Apparently Comcast is doing more than just delivering cable TV and internet service.
Brandon Dilbeck, 20, a student at the University of Washington, was complaining recently on his blog, Brandon Notices, about Comcast’s practice of posting ads in its on-screen programming guide.
He assumed he was writing for his own benefit. “It feels like nobody ever really reads my blog,” he said. “Nobody has left a comment in months.”
Shortly afterward, he received an e-mail message from Comcast, thanking him for the feedback and adding that it was working on a new interactive guide that might “illuminate the issues that you are currently experiencing.”
Mr. Dilbeck found it all a bit creepy. “The rest of his e-mail may as well have read, ‘Big Brother is watching you,’ ” he said.
But Frank Eliason, digital care manager at Comcast, says he was just trying to help.
Well, then, if that’s the case, let’s see if that’s true.
I have a complaint about Comcast. Last month when I moved into my new house, Comcast came out and installed the new cable box; the old one that they told me to take from my old place wouldn’t work. The installer showed up on time on moving day and was very polite, and he got the TV’s all hooked up. I was in the middle of telling the movers where to put stuff, so when I signed off on the installation paperwork I didn’t have time to sit down and actually turn on the TV in the living room, the one with the fancy remote and cable box that gives me access to HBO. Later that evening I did, and when I hit the “On” button, the cable box came on, but the TV only came on for a moment, then shut off. I tried again; same thing. I checked to see if the remote had been programmed correctly; it had.

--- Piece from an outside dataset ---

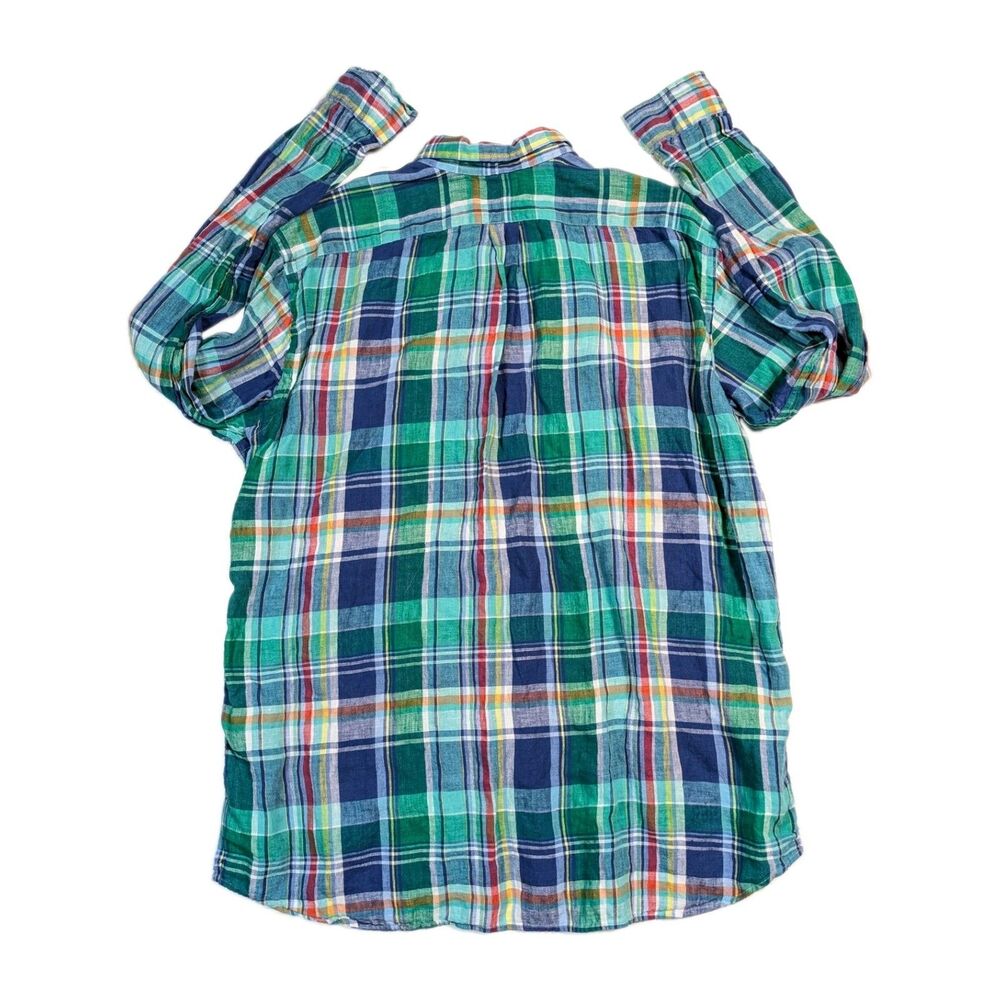 Polo Ralph Lauren Plaid Linen Shirt Multicolor Men's LT Large Tall Untucked Fit - Picture 5 of 8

After two phone calls to the Comcast customer service line and endless attempts at getting it to work, I found the only way to get the TV and cable box to work together was to turn the TV on and off by the power button on the front of it and leave the cable box on all the time. So I called Comcast customer service yet again, and they made an appointment for a service technician to come out and see what the problem was.
The service technician arrived within the appointed time (between 8 and 10 on a Saturday) and it was the same friendly guy who had originally set up the box on moving day. Within a few minutes he discovered the problem: when he had plugged in the TV, he had plugged it into the AC outlet on the back of the cable box instead of the wall outlet. He apologized, I thanked him, and he went on his way.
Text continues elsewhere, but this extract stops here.